A titre liminaire, la cour observe que M. [Z] [L] ne cite dans ses conclusions aucun des textes ' les articles R 1455-5, R 1455-6 et R 1455-7 du code du travail ' déterminant les pouvoirs de la juridiction prud'homale des référés et ne fait pas davantage référence à ces pouvoirs.

Sur la jonction des deux procédures d'appel':

Pour une bonne administration de la justice, il convient d'ordonner la jonction des procédures enrôlées sous les numéros de répertoire général 17/07153 et 17/07305.

Sur les prétentions formant la première demande':

Ces prétentions sont fondées sur l'illicéité de la mise à disposition.

Contrairement à l'argumentation de la société ST DUPONT, les dispositions de la loi CHERPION du 28 juillet 2011 n'ont pas été respectées en l'espèce.

L'article L 8241-2 alinéa 3 du code du travail dispose en effet que le prêt de main d'oeuvre à but non lucratif conclu entre entreprises requiert notamment «'une convention de mise à disposition entre l'entreprise prêteuse et l'entreprise utilisatrice qui en définit la durée et mentionne l'identité et la qualification du salarié concerné, ainsi que le mode de détermination des salaires, des charges sociales et des frais professionnels qui seront facturés à l'entreprise utilisatrice par l'entreprise prêteuse'».

Or au cas présent, si le contrat d'agence commerciale entre la société ST DUPONT et la société CHALHOUB daté du 16 septembre 2015 prévoit la mise en place d'une équipé dédiée sur zone afin de relancer la distribution des produits de l'entreprise prêteuse au Moyen Orient, en revanche il ne mentionne nullement l'identité et la qualification des salariés concernés.

Mais à supposer que cette irrégularité soit susceptible d'entacher de nullité l'avenant de mise à disposition signé le 16 octobre 2015, la juridiction des référés n'a pas le pouvoir de prononcer une telle nullité et M. [Z] [L], dont les courriels échangés au cours de la négociation montrent qu'il avait parfaitement conscience que sa mise à disposition avait pour support le contrat d'agence commerciale conclu entre les deux sociétés, n'établit pas que l'irrégularité considérée soit constitutive d'un trouble manifestement illicite au sens des dispositions de l'article R 1455-6 du code du travail, lequel trouble n'est pas même allégué.

L'intéressé n'est par ailleurs pas recevable à solliciter, qui plus est en référé, la nullité du contrat qu'il a signé avec la société CHALHOUB alors que celle-ci n'a pas été appelée dans la cause.

S'agissant des demandes indemnitaires, il ressort des productions qu'un contrat de travail local a également été conclu avec la société CHALHOUB qui a réglé à l'intéressé ses salaires et les avantages associés pendant la durée de la mise à disposition, tels qu'ils avaient été négociés et contractualisés dans l'avenant de mise à disposition (sauf l'allocation de logement à laquelle se sont substitués des frais d'hôtel acquittés par la société ST DUPONT), mais que le lien de subordination juridique avec la société ST DUPONT a été maintenu.
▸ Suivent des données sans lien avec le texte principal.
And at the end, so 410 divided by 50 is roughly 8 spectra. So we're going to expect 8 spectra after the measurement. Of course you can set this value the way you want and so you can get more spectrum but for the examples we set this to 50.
En outre, M. [Z] [L] n'indique pas la nature des avantages individuels dont il aurait été privé du fait de sa mise à disposition.
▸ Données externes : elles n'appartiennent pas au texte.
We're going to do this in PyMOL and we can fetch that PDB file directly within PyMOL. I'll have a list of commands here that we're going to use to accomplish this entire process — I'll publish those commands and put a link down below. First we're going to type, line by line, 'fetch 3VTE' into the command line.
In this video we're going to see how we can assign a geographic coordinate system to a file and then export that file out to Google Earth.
Dans ces conditions et en cet état de référé, M. [Z] [L] ne justifie pas des préjudices subis dont il fait état sans autrement les expliciter dans le cadre des délits de prêt de main d'oeuvre illicite et de marchandage invoqués, de sorte que sa demande de provision à ces titres est sérieusement contestable au sens des dispositions de l'article R 1455-7 du code du travail.

En conséquence, il sera dit n'y avoir lieu à référé, l'ordonnance entreprise étant confirmée en ce que le premier juge a statué dans le même sens pour ce qui concerne les demandes dont il était saisi.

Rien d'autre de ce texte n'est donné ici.